(Beginning of EXTRACTED DATA)
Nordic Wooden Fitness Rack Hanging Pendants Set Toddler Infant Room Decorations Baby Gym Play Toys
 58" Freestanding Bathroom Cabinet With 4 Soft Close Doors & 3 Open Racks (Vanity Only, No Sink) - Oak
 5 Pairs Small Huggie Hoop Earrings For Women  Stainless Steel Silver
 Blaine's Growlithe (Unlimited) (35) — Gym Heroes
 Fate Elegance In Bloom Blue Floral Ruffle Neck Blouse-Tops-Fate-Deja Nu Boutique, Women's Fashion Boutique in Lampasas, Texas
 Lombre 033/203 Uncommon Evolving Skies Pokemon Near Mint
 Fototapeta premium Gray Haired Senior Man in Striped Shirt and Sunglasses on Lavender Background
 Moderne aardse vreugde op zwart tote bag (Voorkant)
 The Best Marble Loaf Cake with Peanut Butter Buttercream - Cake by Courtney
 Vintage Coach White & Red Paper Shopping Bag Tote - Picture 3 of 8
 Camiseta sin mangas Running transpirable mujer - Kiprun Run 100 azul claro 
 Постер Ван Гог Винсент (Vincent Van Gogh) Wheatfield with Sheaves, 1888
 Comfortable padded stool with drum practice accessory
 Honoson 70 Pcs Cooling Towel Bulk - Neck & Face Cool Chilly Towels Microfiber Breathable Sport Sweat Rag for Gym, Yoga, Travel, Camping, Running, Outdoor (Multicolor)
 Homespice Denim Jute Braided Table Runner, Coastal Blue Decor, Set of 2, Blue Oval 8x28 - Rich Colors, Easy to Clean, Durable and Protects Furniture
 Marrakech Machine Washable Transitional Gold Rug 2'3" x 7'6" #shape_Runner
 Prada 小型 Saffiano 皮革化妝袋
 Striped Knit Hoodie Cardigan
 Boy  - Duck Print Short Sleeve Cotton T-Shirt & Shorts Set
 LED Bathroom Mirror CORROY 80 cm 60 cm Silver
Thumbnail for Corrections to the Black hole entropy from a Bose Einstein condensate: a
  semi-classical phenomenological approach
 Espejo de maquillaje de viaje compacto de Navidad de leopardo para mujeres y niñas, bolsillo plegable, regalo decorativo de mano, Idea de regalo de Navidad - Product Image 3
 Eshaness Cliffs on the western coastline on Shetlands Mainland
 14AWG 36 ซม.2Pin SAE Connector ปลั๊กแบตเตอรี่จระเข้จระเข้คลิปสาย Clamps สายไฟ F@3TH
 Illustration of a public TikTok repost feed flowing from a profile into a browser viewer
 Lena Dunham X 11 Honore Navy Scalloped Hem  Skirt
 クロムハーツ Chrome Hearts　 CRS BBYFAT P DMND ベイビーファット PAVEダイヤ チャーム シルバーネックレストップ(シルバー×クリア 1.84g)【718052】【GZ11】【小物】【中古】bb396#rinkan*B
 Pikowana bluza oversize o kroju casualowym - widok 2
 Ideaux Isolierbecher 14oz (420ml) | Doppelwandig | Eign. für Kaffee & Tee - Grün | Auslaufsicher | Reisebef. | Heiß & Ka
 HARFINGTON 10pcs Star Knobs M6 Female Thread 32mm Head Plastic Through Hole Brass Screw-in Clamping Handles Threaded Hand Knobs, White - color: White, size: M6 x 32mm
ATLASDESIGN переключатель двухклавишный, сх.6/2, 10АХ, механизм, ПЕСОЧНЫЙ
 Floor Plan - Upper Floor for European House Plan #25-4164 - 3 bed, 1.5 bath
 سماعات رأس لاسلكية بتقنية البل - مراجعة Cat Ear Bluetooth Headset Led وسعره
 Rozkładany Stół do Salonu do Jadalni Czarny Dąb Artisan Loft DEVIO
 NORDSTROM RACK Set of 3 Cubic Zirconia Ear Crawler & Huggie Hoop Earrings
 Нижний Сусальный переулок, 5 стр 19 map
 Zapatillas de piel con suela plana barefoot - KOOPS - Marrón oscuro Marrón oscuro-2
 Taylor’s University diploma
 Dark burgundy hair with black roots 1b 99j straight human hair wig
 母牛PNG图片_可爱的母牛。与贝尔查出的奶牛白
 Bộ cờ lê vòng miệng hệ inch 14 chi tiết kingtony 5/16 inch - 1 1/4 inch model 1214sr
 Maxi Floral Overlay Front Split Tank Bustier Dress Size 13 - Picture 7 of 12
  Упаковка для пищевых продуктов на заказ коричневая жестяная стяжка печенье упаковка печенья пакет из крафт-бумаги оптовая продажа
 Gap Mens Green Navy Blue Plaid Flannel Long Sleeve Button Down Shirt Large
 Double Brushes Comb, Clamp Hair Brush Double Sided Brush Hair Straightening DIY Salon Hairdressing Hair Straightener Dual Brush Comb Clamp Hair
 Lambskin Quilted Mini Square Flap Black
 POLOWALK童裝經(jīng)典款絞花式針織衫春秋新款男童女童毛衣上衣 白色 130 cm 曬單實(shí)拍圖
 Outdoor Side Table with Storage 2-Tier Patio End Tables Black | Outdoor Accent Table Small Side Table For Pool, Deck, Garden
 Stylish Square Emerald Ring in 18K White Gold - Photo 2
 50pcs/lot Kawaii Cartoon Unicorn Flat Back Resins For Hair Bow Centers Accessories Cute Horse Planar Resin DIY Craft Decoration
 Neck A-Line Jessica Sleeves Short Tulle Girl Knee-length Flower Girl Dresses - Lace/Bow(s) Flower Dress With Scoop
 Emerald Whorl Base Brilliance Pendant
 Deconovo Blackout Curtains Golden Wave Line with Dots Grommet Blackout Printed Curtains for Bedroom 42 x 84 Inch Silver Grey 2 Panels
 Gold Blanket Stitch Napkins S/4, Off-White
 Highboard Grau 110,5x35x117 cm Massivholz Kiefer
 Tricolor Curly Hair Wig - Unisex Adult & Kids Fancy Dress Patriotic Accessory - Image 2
(End of EXTRACTED DATA)
● INSTRUCTIONS FOR THE TASK: Go line by line through the data and copy any that contain "Earrings".

● ANSWER SECTION:
 5 Pairs Small Huggie Hoop Earrings For Women  Stainless Steel Silver
 NORDSTROM RACK Set of 3 Cubic Zirconia Ear Crawler & Huggie Hoop Earrings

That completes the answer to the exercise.